# Using the Gaffa LLMs.txt File with Your AI Assistant

AI assistants like ChatGPT or Claude can generate working code far more effectively when they have accurate, up-to-date context about an API. That's exactly what Gaffa's `llms.txt` file provides. It provides a concise reference covering Gaffa's endpoints, actions, and code samples that you can drop directly into any AI assistant to get useful, accurate code from the very first prompt.

In this tutorial, we'll walk you through how to use the `llms.txt` file to build a complete Python script that interacts with the Gaffa API.

#### Step 1: Get the LLMs.txt File

Download or open the file at <https://gaffa.dev/docs/llms.txt>. It contains a concise overview of the Gaffa API, including available endpoints, actions, and example payloads.

#### Step 2: Load It Into Your AI Assistant

Start a new chat with ChatGPT, Claude, or your preferred AI assistant, then paste the full contents of the file into the conversation. This gives the assistant accurate, up-to-date context about the Gaffa API before you ask it anything.

#### Step 3: Ask the Assistant to Write Your Script

Once the assistant has the context loaded, you can ask it to build scripts for you. For example:

> *"Write me a Python script that uses Gaffa's browser API to convert a page into Markdown and save the output file locally."*

Because the assistant already has the full API context, it can produce accurate code without you needing to explain endpoint structures or payload formats.

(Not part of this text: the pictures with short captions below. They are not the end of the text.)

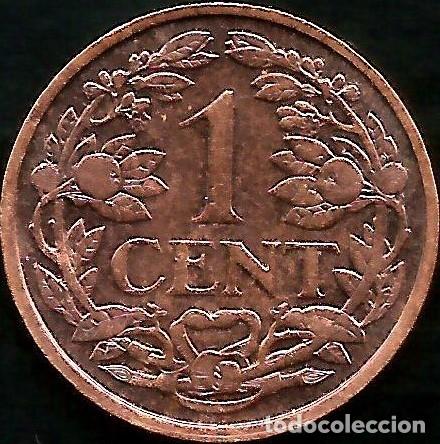 Old Coins of America: SURINAM 1957 - 1 CENT - KM 10a - CIRCULADA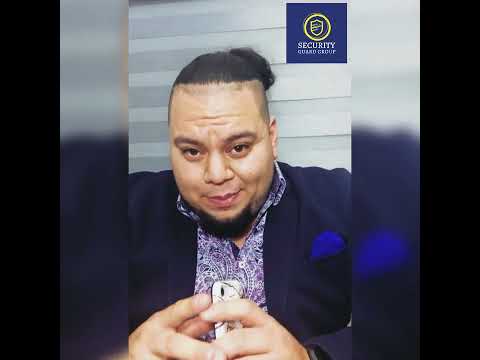 Security Guard Group video.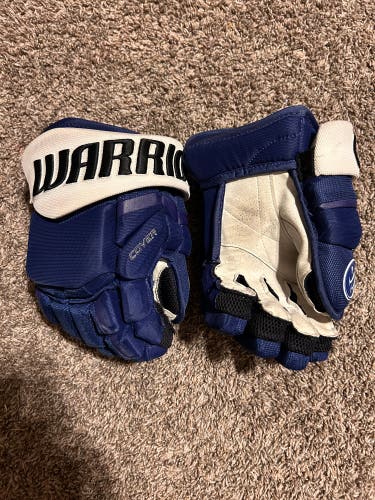 NHL Hagel Warrior Covert Pro Gloves 14" Pro Stock (Used)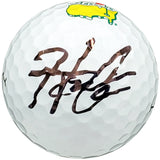 Hideki Matsuyama Autographed Titleist Masters Logo Golf Ball Pro V1 Beckett BAS Stock #197209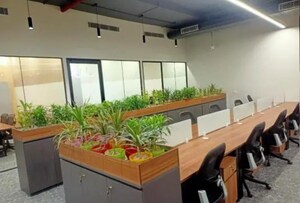 Floor Plan in  Office Space at Lodha Supremus Powai, Powai – for Rent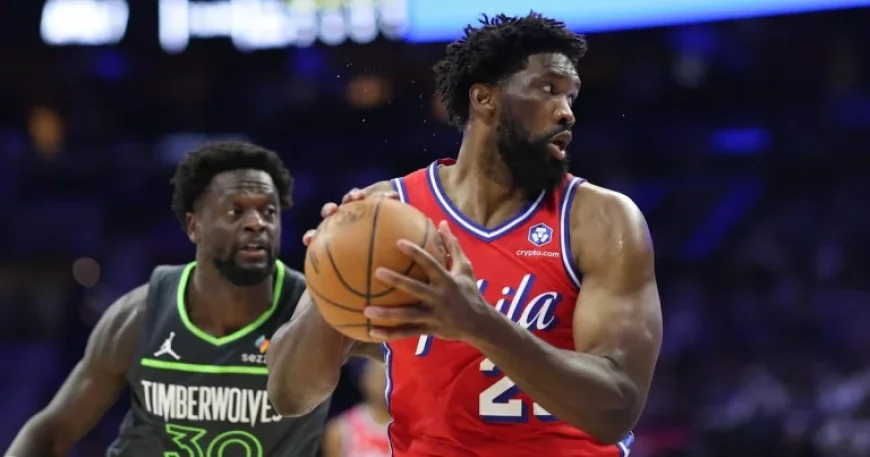 Sixers’ Stars Shine in Dominant Win Over Timberwolves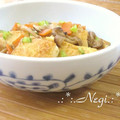 矢切のねぎちゃん's cooksnap of when they made 豆腐の柚子胡椒炒め.
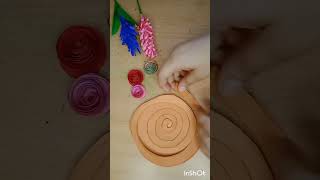 Quick Flower Making Ideas#trending #diy #papercraft #craft #art #papercraft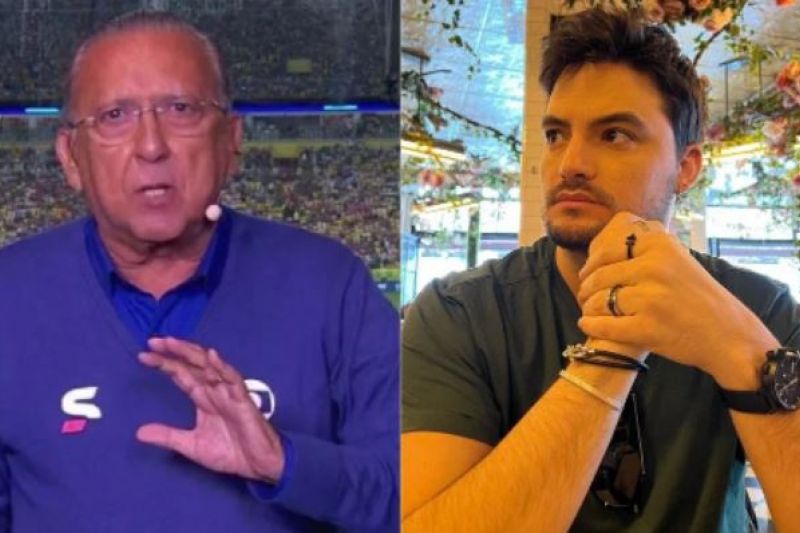 Fora da Globo, Galvão Bueno fecha parceria com Felipe Neto
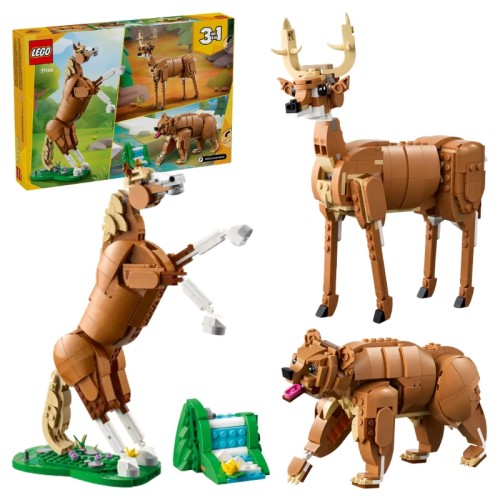 Lego Creator 3 în 1 Frumos Cal Set 31166 685 El. 9+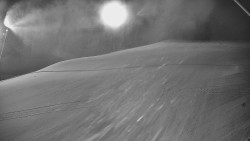 Otočná kamera na sjezdovce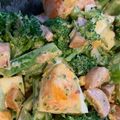 泉埜しずき's cooksnap of when they made ブロッコリーと卵のデリ風ごちそうサラダ.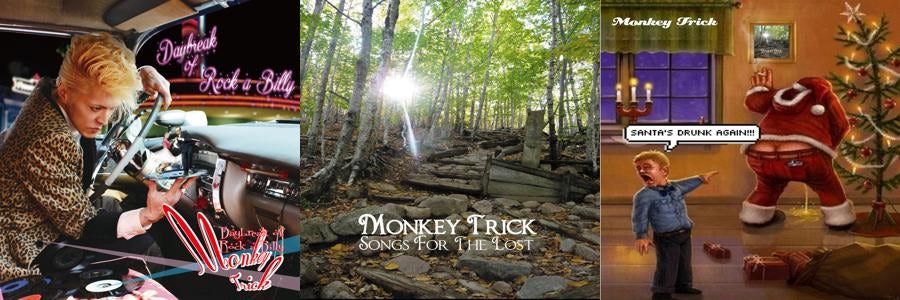 Monkey Trick Store: Official Merch & Vinyl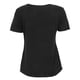 thumbnail image 4 of Playera K-Swiss WTS-02 Para Mujer Color Negro, 4 of 5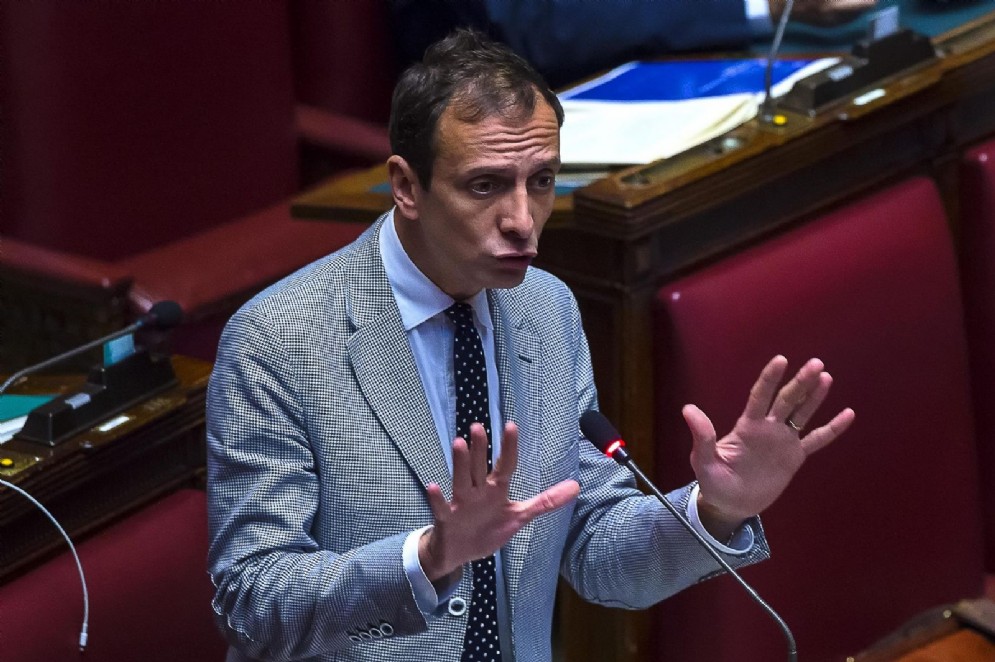 Massimiliano Fedriga, capogruppo alla Camera del Carroccio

#### Step 4: Example Script

Here's an example of the kind of script your AI assistant might generate, based directly on the Gaffa API. It submits a browser request to convert a page to Markdown, polls until the request completes, and downloads the output file.

```python
import os, time, requests, pathlib, urllib.parse

API_KEY = os.environ.get("GAFFA_API_KEY", "YOUR_API_KEY")
BASE = "https://api.gaffa.dev"

def submit_request(url, actions, async_mode=True):
    payload = {
        "url": url,
        "async": async_mode,
        "settings": {"actions": actions}
    }
    r = requests.post(
        f"{BASE}/v1/browser/requests",
        headers={"X-API-Key": API_KEY, "Content-Type": "application/json"},
        json=payload
    )
    r.raise_for_status()
    return r.json()["data"]

def wait_for_completion(request_id, poll_every=2, max_wait=180):
    start = time.time()
    while True:
        r = requests.get(
            f"{BASE}/v1/browser/requests/{request_id}",
            headers={"X-API-Key": API_KEY}
        )
        data = r.json()["data"]
        if data["state"] in ("completed", "failed"):
            return data
        if time.time() - start > max_wait:
            raise TimeoutError("Request timed out")
        time.sleep(poll_every)

def download_outputs(brq, dest="outputs"):
    dest = pathlib.Path(dest)
    dest.mkdir(parents=True, exist_ok=True)
    files = []
    for act in brq.get("actions") or []:
        out = act.get("output")
        if isinstance(out, str) and out.startswith("http"):
            name = pathlib.Path(urllib.parse.urlparse(out).path).name
            p = dest / name
            with requests.get(out, stream=True) as r:
                with open(p, "wb") as f:
                    for chunk in r.iter_content(8192):
                        if chunk: f.write(chunk)
            files.append(str(p))
    return files

if __name__ == "__main__":
    target_url = "https://demo.gaffa.dev/simulate/article?paragraphs=5"
    actions = [
        {"type": "wait", "selector": "article"},
        {"type": "generate_markdown"}
    ]
    job = submit_request(target_url, actions)
    brq = wait_for_completion(job["id"])
    print("Final state:", brq["state"])
    if brq["state"] == "completed":
        saved = download_outputs(brq)
        print("Downloaded:", saved)
```

Run it with:

```bash
python gaffa_script.py
```

You'll see the job state printed in your terminal and a downloaded Markdown file saved to an `outputs` folder.

#### Step 5: Extend and Customise

From here, you can modify the `actions` list to use other supported operations, such as `generate_pdf`, `screenshot`, or `extract_text`. You can make these changes manually, or simply ask your AI assistant to adapt the script for you. Since it still has the `llms.txt` context loaded, it can adjust the code to your specific requirements without needing any further explanation.